The West Bank remains unusually calm as Israel carries out its genocide in Gaza. But while Israeli repression has dissuaded an uprising in the streets, the tectonic plates underneath continue to shift.

Part of the Land Day march in Ramallah city center, March 30, 2024.

As war rages on in Gaza and along the Lebanese border, the West Bank has taken a backseat in the news in the wake of Israel’s unrelenting genocide. Absent the proliferation of small pockets of armed resistance in refugee camps and urban centers in the north, the West Bank has maintained an uneasy sense of calm.

This silence is uncharacteristic. In previous years, Palestinians in the West Bank have reacted to the occupation’s crimes through a series of mass mobilizations, daily clashes with Israeli troops, general strikes, and campaigns of civil disobedience. The First Intifada of 1987, although beginning in Gaza, was mobilized into a united and organized movement in the West Bank, a role which it has continued to play in the thirty-odd years since.

This includes the “Unity Intifada” in May 2021, when Palestinians in the West Bank, Jerusalem, and ‘48 Palestine rose up in a collective reaction to Israeli attempts to expel Palestinian families from their homes in Jerusalem’s Sheikh Jarrah neighborhood. The wave of mass protests across the West Bank’s cities was larger than it had ever been, reaching its peak on May 18 when a general strike was observed in all of historic Palestine, from the river to the sea.

This all changed after October 7. Over the past nine months, mass mobilization has been virtually absent, despite the unprecedented horrors of Israel’s genocidal war on Gaza, which has claimed the lives of over 37,000 Palestinians.

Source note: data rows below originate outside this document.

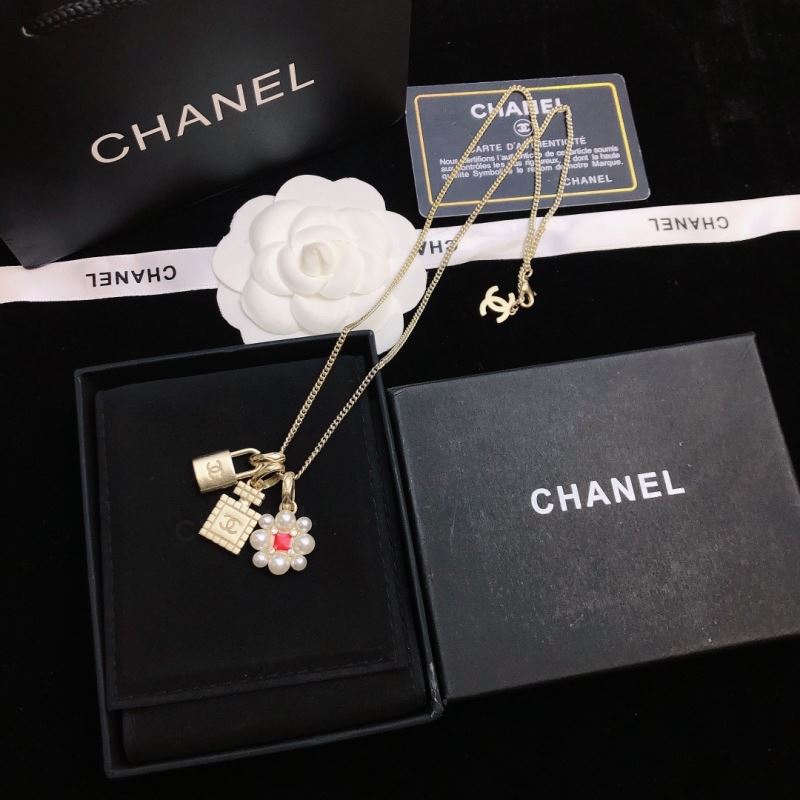 Chanel Necklaces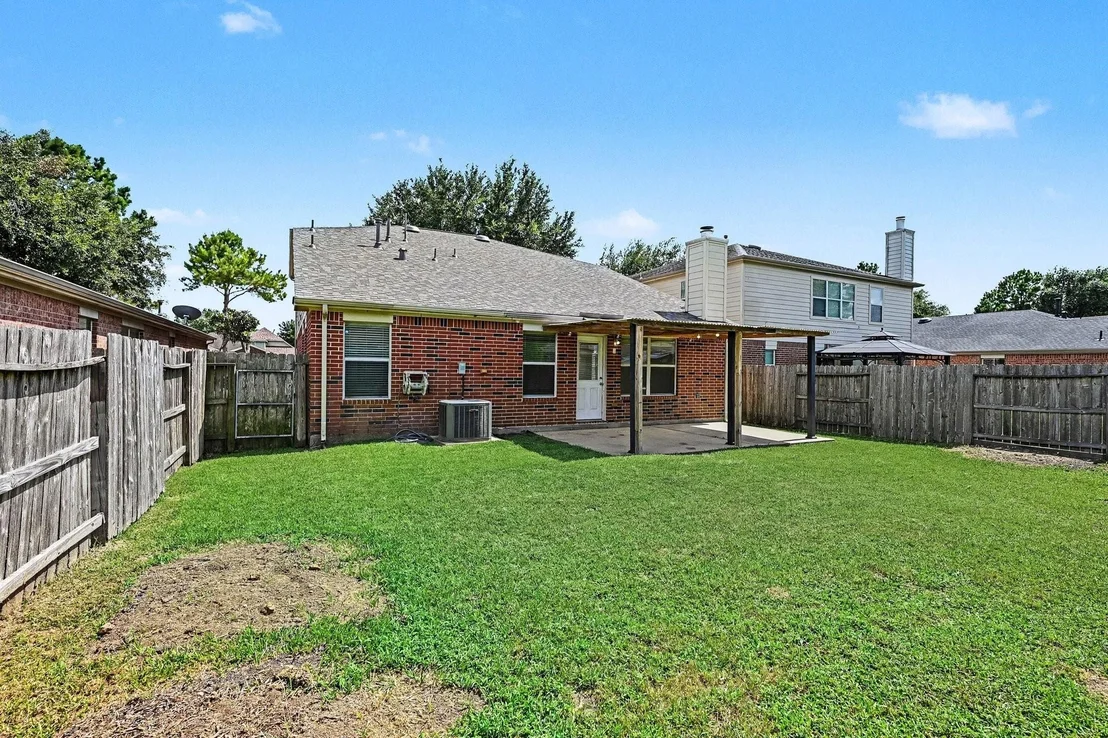 Photo of 16602 Grenada Falls Drive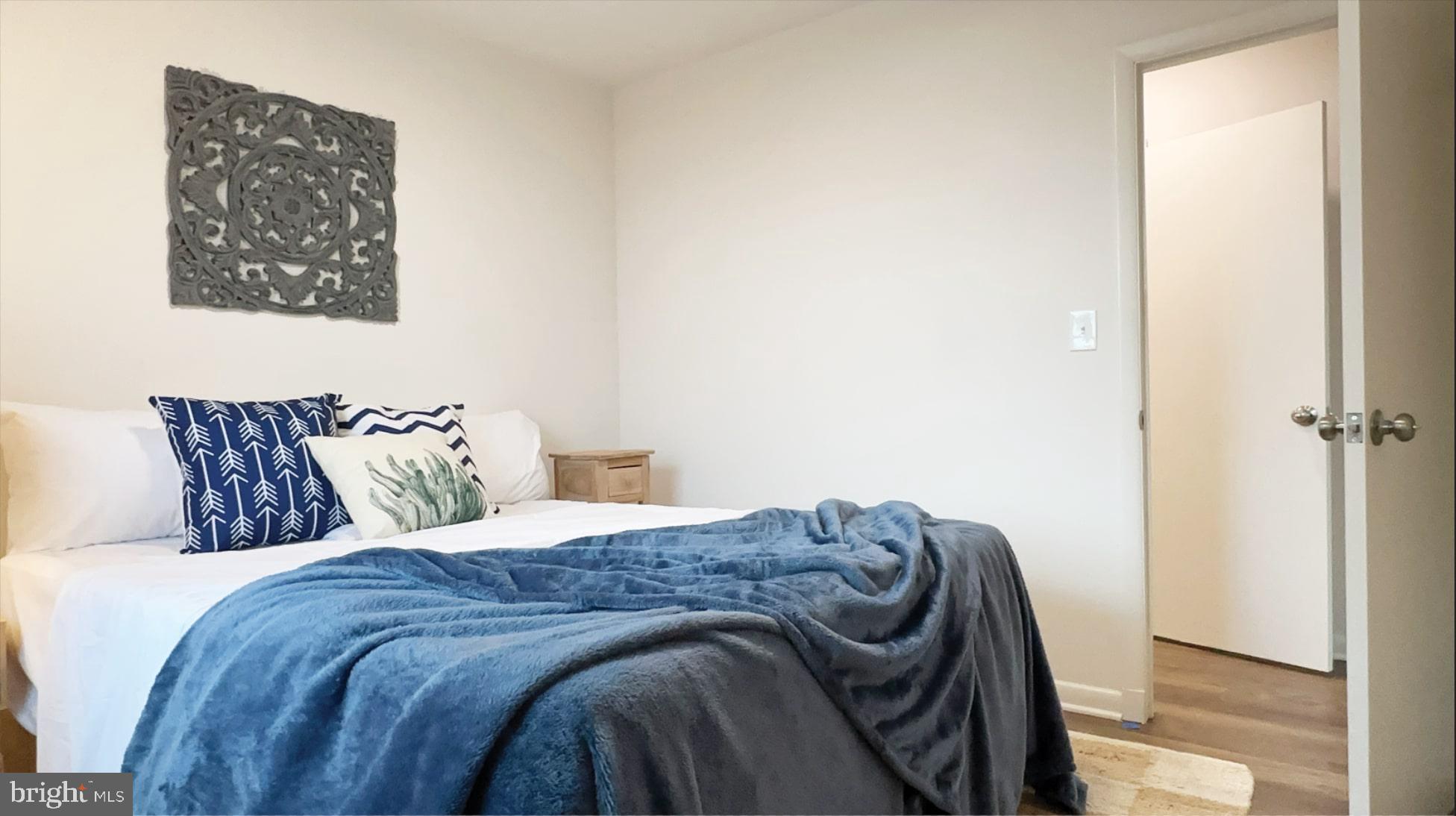 HARWOOD MANOR - Residential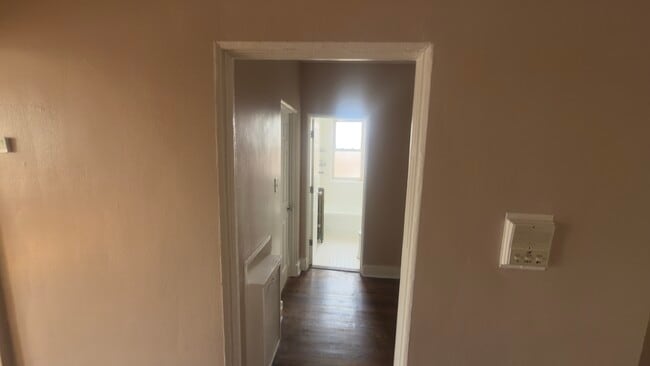 Building Photo - 8054 s Hermitage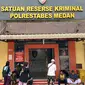 Keluarga korban memboyong pelaku rudapaksa ke Polrestabes Medan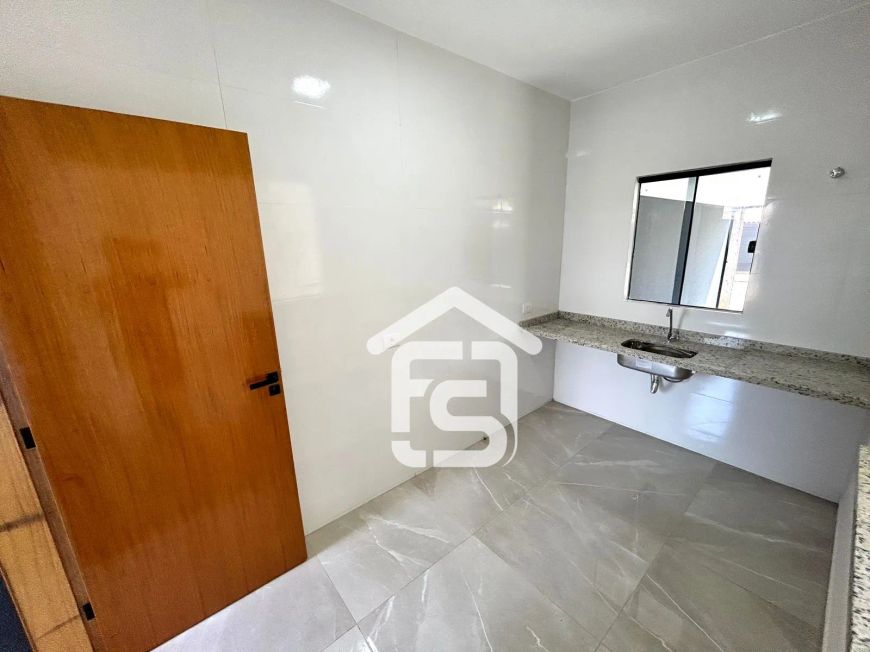 VENDO - Casa com 3 dormitórios sendo 1 suíte - Pequena Londres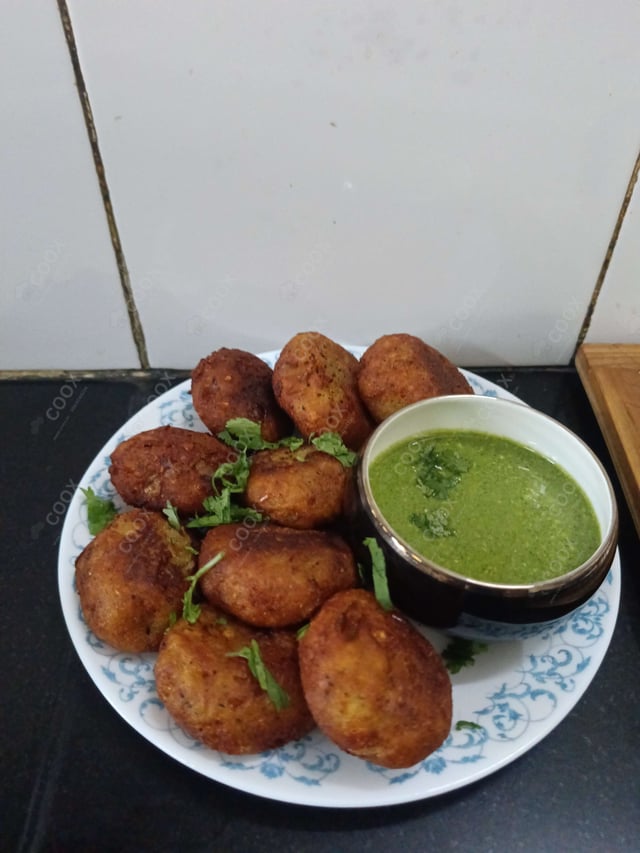 Tasty Aloo Tikki cooked by COOX chefs cooks during occasions parties events at home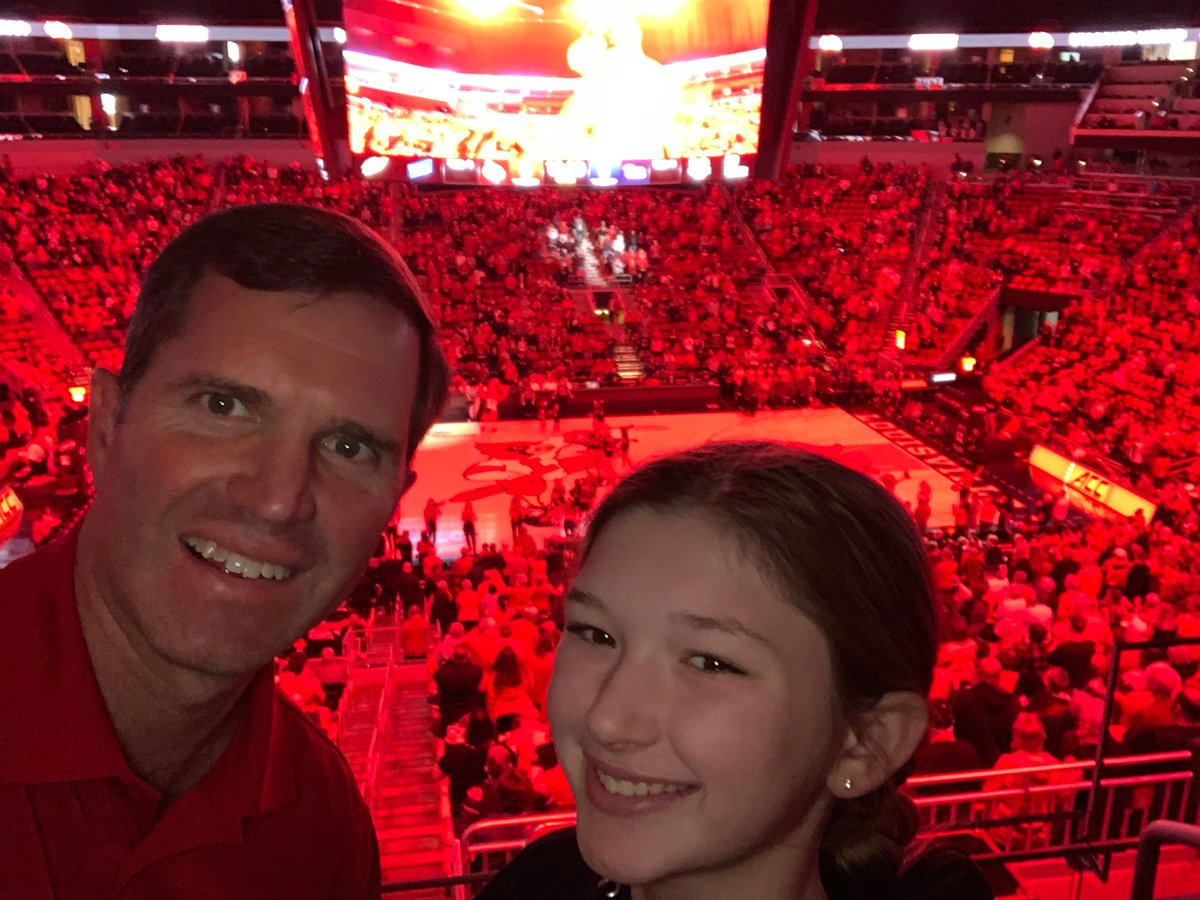 Andy Beshear tweet media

Yet with the memories of past events of popular revolt still fresh in people’s minds, the current lack of mobilization in the West Bank has led many to conclude that Israel has effectively neutralized it as an arena of struggle.

Before October: anything but neutralized

To look at the news in the months and years before October 7, any observer would have thought that the West Bank would be an active front in the war. Daily Israeli raids on Palestinian cities and refugee camps were met with confrontation by Palestinians, who increasingly began to use arms instead of stones to face off against the troops invading their homes. Locally-based armed resistance groups began to spread across different cities, from Jenin, to Nablus, Tulkarem, Tubas, and Jericho.

The phenomenon attracted analysts and journalists, who spoke of a “new generation of Palestinian resistance.” Western news outlets reported on the armed rebellion of “the West Bank’s Gen Z fighters” in outlets like The Economist, the Wall Street Journal, and Vice. Many were left wondering whether what was happening in the West Bank could be called a Third Intifada.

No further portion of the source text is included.